Somehow, beyond our capacity to reason, these two seemingly conflicting sets of reason, free will and providence, come together as friends (St. Augustine and Spurgeon). In theological terms, this is called Concurrence. This is the coterminous relationship between God’s decree and our free choice that somehow are shared in our journey through life, that our free will and choices work into His foreordained degrees without assault to our decisions.
Thus, if we do not receive His Grace and Salvation, even though His election exists, it is because we choose to not accept Him, which He sees by His foreknowledge, and applied to His purpose. To what extent this occurs is a matter of hot debate amongst theologians. But, is safe to say, He is ultimately in charge. (Yes, this will “blow out mind:” i.e. your thinking ability!) Even Calvin spent more time defending and explaining human responsibility and our duty to prayer more than any other subject in his writings. So, it is all in His hands, and it is up to us to get to work, trusting and obeying Him.

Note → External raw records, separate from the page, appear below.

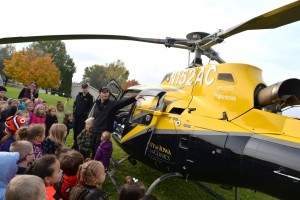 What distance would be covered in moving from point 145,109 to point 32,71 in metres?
61.9

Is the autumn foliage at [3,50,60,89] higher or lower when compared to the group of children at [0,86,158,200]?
lower

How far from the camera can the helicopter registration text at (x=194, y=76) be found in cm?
616

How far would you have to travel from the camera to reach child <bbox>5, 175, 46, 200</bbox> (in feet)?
8.16

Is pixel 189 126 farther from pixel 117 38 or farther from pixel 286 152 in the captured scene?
pixel 117 38

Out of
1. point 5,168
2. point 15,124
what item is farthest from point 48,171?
point 15,124

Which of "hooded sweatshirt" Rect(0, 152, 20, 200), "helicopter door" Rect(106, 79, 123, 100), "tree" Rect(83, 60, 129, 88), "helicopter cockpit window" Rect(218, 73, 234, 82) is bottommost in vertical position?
"tree" Rect(83, 60, 129, 88)

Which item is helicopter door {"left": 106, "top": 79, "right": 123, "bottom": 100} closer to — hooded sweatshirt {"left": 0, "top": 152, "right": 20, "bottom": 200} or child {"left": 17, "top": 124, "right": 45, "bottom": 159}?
child {"left": 17, "top": 124, "right": 45, "bottom": 159}

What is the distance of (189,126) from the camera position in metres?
5.65

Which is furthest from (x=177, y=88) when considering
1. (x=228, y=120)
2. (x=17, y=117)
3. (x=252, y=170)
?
(x=17, y=117)

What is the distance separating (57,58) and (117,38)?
8608 centimetres

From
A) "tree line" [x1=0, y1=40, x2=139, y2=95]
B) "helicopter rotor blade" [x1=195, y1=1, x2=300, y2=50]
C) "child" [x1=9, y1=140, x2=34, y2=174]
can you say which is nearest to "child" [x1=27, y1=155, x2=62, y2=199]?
"child" [x1=9, y1=140, x2=34, y2=174]

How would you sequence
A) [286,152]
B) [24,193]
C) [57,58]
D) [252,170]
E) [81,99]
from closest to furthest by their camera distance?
[24,193] < [286,152] < [252,170] < [81,99] < [57,58]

Providence refers to God’s foreknowledge. That means that God sees beforehand, and provides. It is a word we do not see much of today, but it has a rich history amongst the Puritans and Reformers as the great comfort that God is God and LORD over all.
God is no clockmaker who made the world, set it in motion, then left it, as the Deists proclaimed. God has ultimate authority and sovereignty over all the affairs of humanity. He is directing, involved, and working through it all, giving us mercy and guidance. He creates, He sustains. The universe is dependent upon His involvement, moment upon moment.
Ultimately, we do not have control over life or death. We make decisions, and we are called to seek Him first (Matt. 6:33). He is our ultimate safety net and security, both in life and eternity. Worry should not even come to our minds, because He is in charge (Matt. 6:25-34). We are in God’s provision, and nobody else has ultimate control. All power and authority is His by both direct and indirect means.
So, what does this have to do with stewardship? A lot!
We need to see our life as being in His hands of love and comfort, that He does have a wonderful plan for our lives, and everything happens for a reason and a purpose. So, we can manage, lead and be wise stewards of all He gives to us, because our comfort is that it is all His, we are His and all we do is for Him, Christ’s glory. So, yes we can excel and do our best!
As we manage God’s stuff and our lives, we need to look for logic, reason, and biblical precepts.
Because, His truth remains the same. We have to see all that happens in our life—form sufferings, tragedies, good times, what we have, what we can do, and all–as opportunities to learn, grow, develop character, and mature. If not, we miss out on what is important in life, causing it to be meaningless!